Şaşırarak izler herkes. Önceden karşı olduğu her şeye bir tür tapınma duygusuyla taraftar olan; yaşam şekli baştan sona değişen, olur olmaz yerde "bu kızcağız beni adam etti, yoksa ben bitmiştim" diyen erkeklere bu nedenle saygı duymam. Tabi gerçek manada eş olarak birbirine destek veren, hayatı birlikte omuzlayan, birbirlerine saygılı ve katılımcı birlikteliklere ve evliliklere değil bu sözlerim.

Kızcağızlara kadarki tüm yaşamını inkâr ve imha eden, saygınlığını kaybettiğinin, kişiliğini sıfırladığının farkında bile olmadan ortalıkta dolaşıp duran, üstüne bir de hepimizden saygı bekleyen yeni nesil adamlar için yazdım. Bu "kızcağızlar" bir de çocuk yaptıysa umudunuzu kesin efendim. Tescili çocuk olan yıkılmaz bir "kızcağız" şirketine girmiş bulunmaktasınız. Artık duyduğunuz her söz onun sözü, gördüğünüz her tavır onun empozesi olsa bile o kadar ikna edilen bir adam vardır ki karşınızda; "ben öyle istiyorum da ondan" diye savunur her hareketini.

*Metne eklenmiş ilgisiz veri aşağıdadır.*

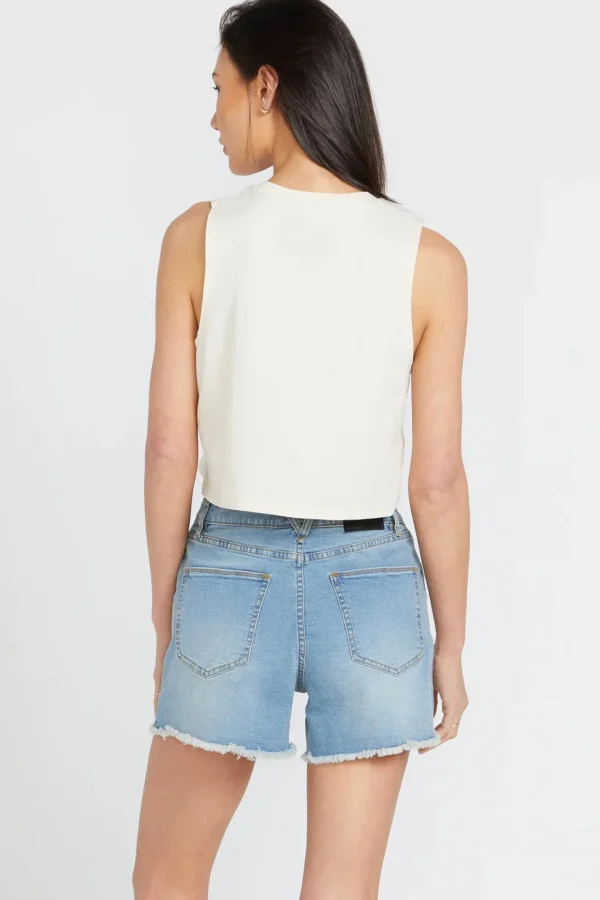 Shorts-VOLCOM STONE STEP HIRISE DENIM SHORT - BLUE DRIFT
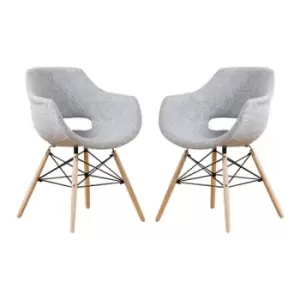 Set of 1/2/4/6 Olivia Eiffel Fabric Armchair Dining Tub Chair Set of 2 - Light Grey - Light Grey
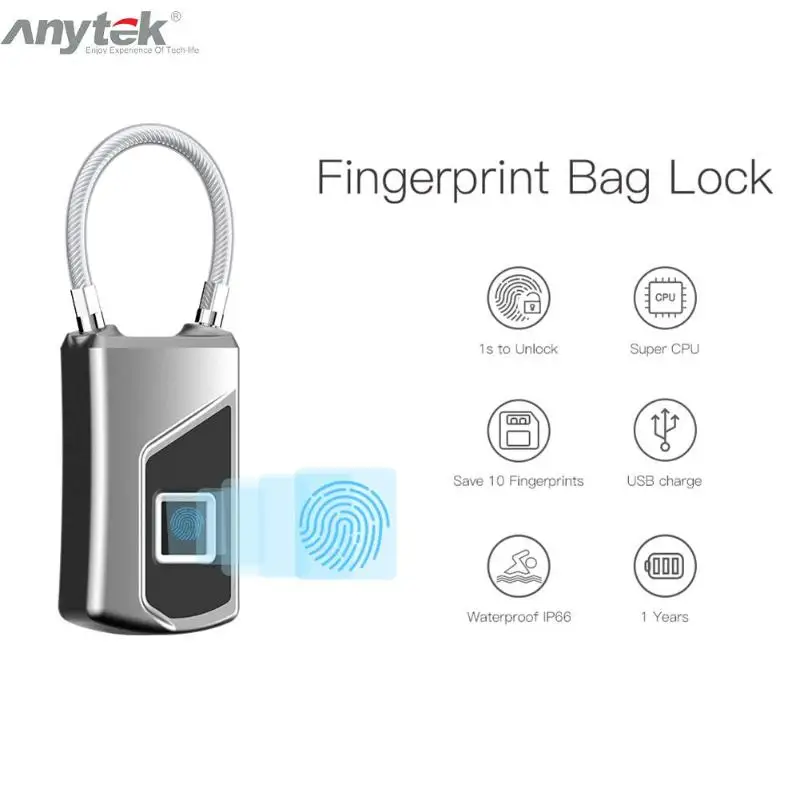 

Anytek L1 Multifunctional Smart Keyless Fingerprint Lock for Car Motorcycles IP66 Waterproof Anti-theft Door Suitcase Padlock
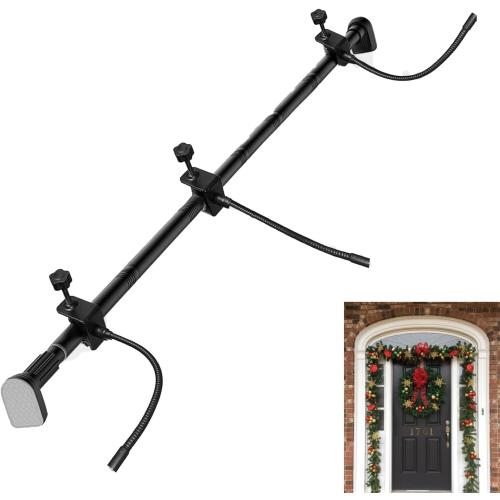 Adjustable Garland Hanger for Front Door,Adjustable Width 32-80 Inches,No Nails or Screws,Heavy-Duty Christmas Halloween Decoration Holder for Wreaths (32-40in)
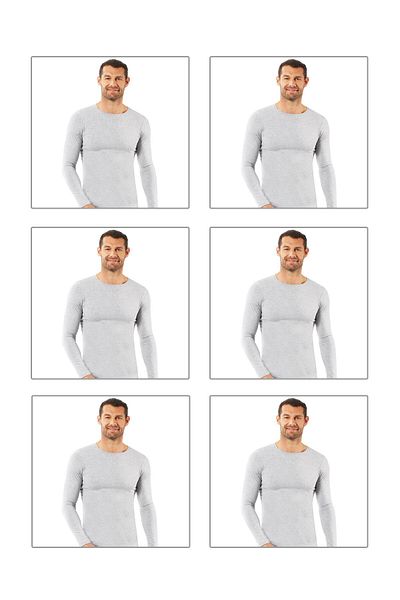 ÖZKAN underwear تي شيرت رجالي من Özkan 0266 مكون من 6 قطع من القطن الليكرا الممشط ورقبة دائرية وأكمام طويلة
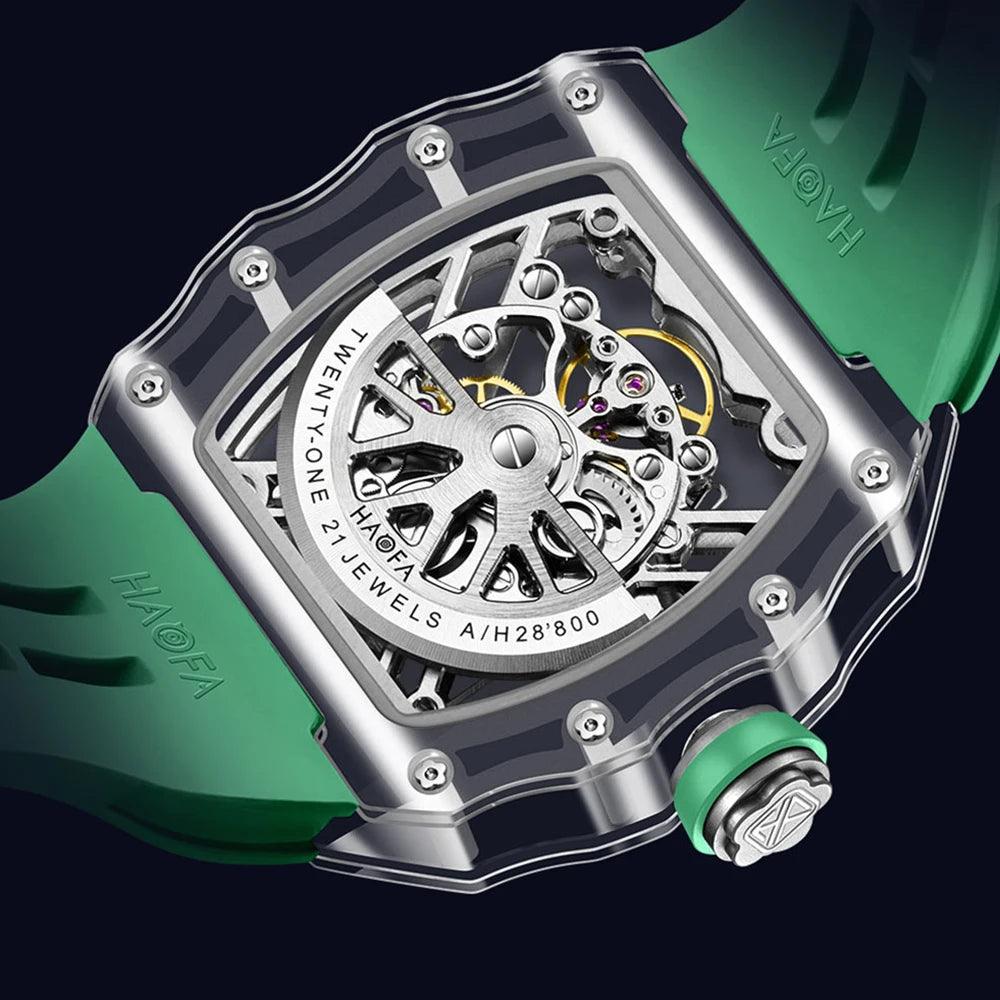 Men's Automatic Mechanical Watch Transparent Crystal Luxury Double-Sided Hollow Waterproof Luminous Watch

Anadoluda "oğlumuza büyü yapıldı" derler bu durumlarda. Ortada büyü yok maalesef. Sandığınız kadar güçlü olamamış, siz kıyamadığınız için, karşısına çıkan ilk kıyımcıya râm olmuş zavallı iri oğlan çocukları var sadece. Üzülmeyiniz. Beklentilerinizi zor da olsa sıfırlayarak rahat olunuz. Çünkü hiç bir şey değişmeyecek.

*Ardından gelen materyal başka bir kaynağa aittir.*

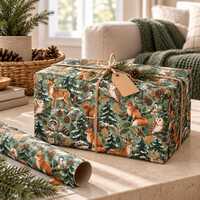 Woodland Animals Gift Wrapping Paper, Deer Fox Owl and Rabbit Gift Wrap, Rustic Forest Christmas Wra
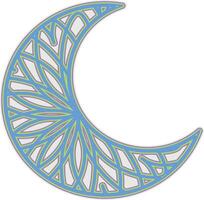 a crescent moon with a mandala art scroll inside vector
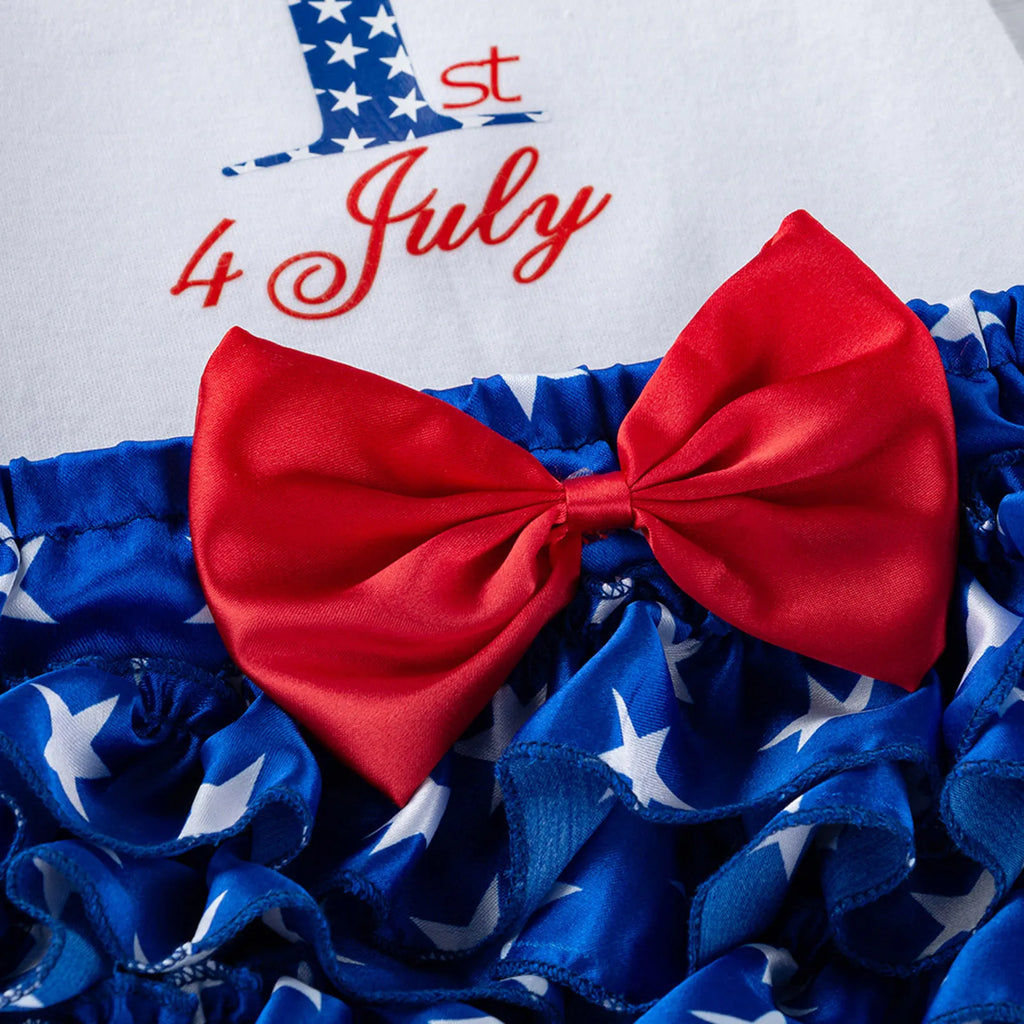Little Miss America Set for Baby Girl Embroidered Body, Patriotic Ruffle Panties and Tie Headband Set of 3 Pieces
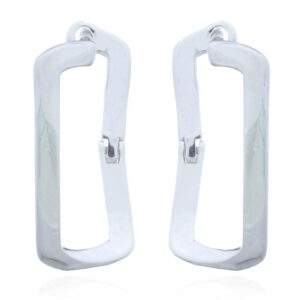 A pair of curly rectangle long silver clip hoop earrings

Kısacası, kabul edilir edilmez bilemem ama yüzde çok fazlası sahte ve mecburiyetle süren evlilikler ve bunların kahramanları kızcağızlarla, sinmiş erkeklerin vıcık vıcık mutluluk oyunlarından gelen gına yazdırdı bu yazıyı. İçinizi böyle bilenlere bari kalkıp da başka şeyler taslamasanız diyesim geliyor her birine. De, demiyorum çoğu kez. Dışarıdan kerli ferli, sempatik, sosyallikten cıvıldaşan görüntünüzün altındaki ezik adamları görenlere yapmayın bari.

Kızcağızlara ve kendilerine müttefik olarak yetişen cici küçük kızlara selâm olsun. Yeni yeni "adam edilecek" çocuklar yetiştiriyor anneler merak etmeyin.